Imagine an average two-bedroom apartment. Now imagine that space housing over 100 residents who share only two sinks, two toilets, and 80 bunks — without mattresses. Finally, imagine 32 such units spread out over 410 acres of land. This is the reality for 40,000 inmates headed to El Salvador’s new mega-prison, which is designed to hold 100 inmates in 1,075 feet of space. Touted by El Salvador’s President Bukele as the “largest jail in the Americas,” the new facility is designed to sequester MS-13 and Barrio-18 gang members from the general population. These mass incarcerations allow us to examine aspects of crime, an offense in violation of public law, and consider containment theory, various social controls that provide a protective barrier to help resist engaging in deviant and criminal behavior.
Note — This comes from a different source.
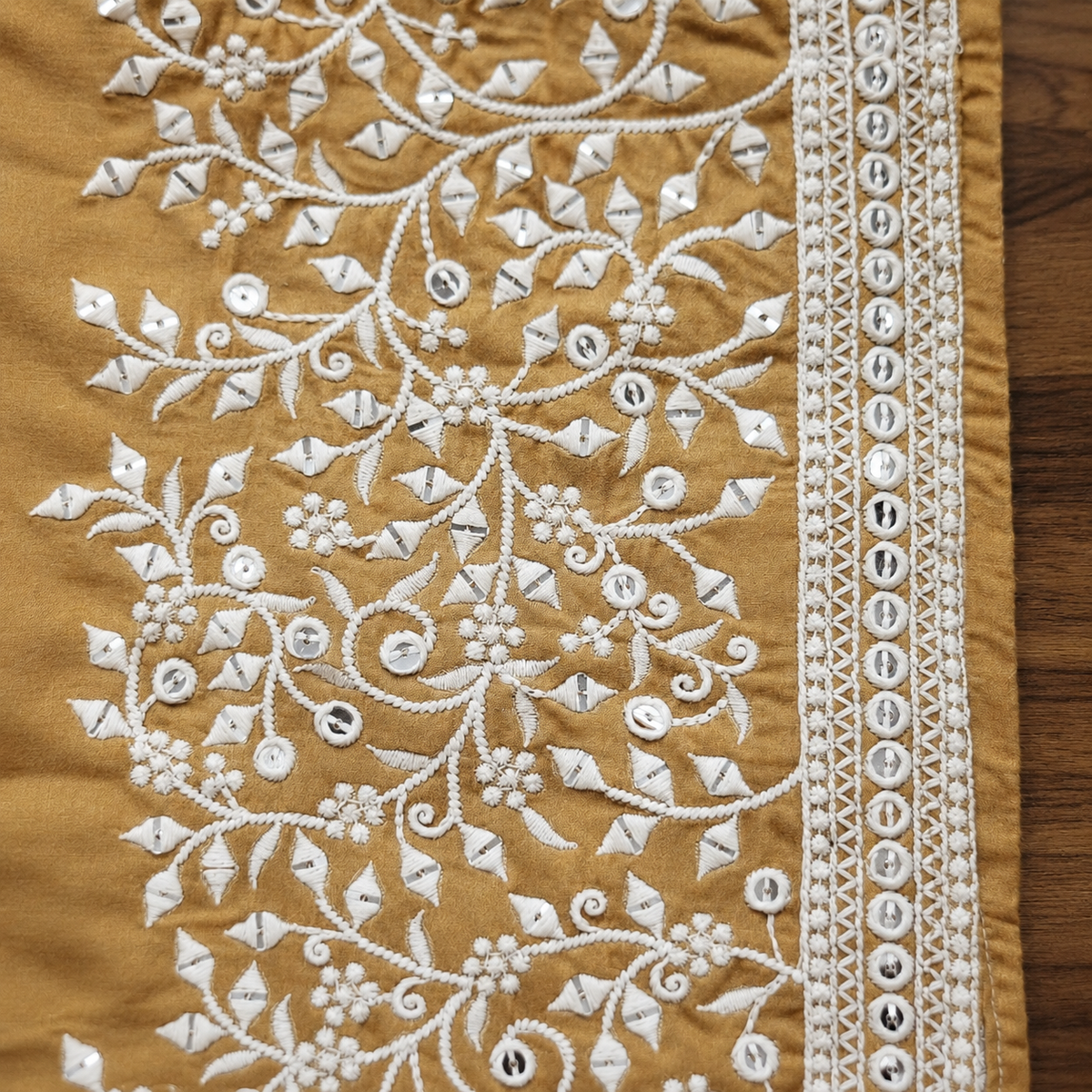 Ivory & Antique Gold Ombre Kurta with Mirror Embroidery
Originating in Los Angeles, factions of MS-13 and Barrio 18 can be found in Guatemala, Honduras, Mexico, Canada, and Italy. Not only are these two of the most violent gangs in the world, but they are also rivals. At the height of their violence in 2015, the homicide rate in El Salvador was an astonishing 105 per 100,000 in a country with a population of only 6.3 million. To put that into perspective, the homicide rate in the U.S. at that time was five per 100,000. While one might assume that the violation of norms or deviance these groups engage in consists of basic index crime, eight forms of criminal behavior used by the FBI to create the Uniform Crime Report, the truth is that these groups also engage in transnational crime, a crime that crosses interstate or international borders. In 2021, 14 of the top MS-13 leaders were even charged by U.S. authorities with acts of terrorism, the use of violence or the threat of violence to influence the political process.
Attempts to combat the gangs have been ongoing for decades, but sometimes, the gangs themselves adopt the technology originally intended to monitor them. For example, MS-13 in Honduras has used video street surveillance technology to monitor the actions and behaviors of others. Like the authorities in any large city use closed-circuit television (CCTV) to watch roads and subway lines, MS-13 has been using the same kinds of technology to control the people and events in their territory.
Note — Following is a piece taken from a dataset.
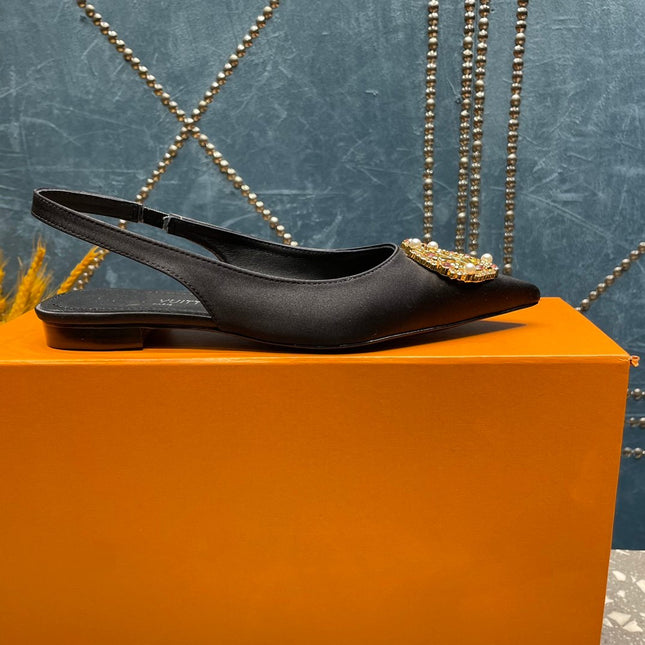 LV MET SLINGBACK BALLERINA NOIR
The efforts to round up and isolate gang members in El Salvador involve formal social control by groups and organizations whose specific function is to control the behavior of members of societies and reinforce social norms. The groups that make up this formal social control include the courts, government agencies, the police, and security at the mega-prison. In combination, their goal is to ensure the gang members don’t engage in other deviant and criminal behavior.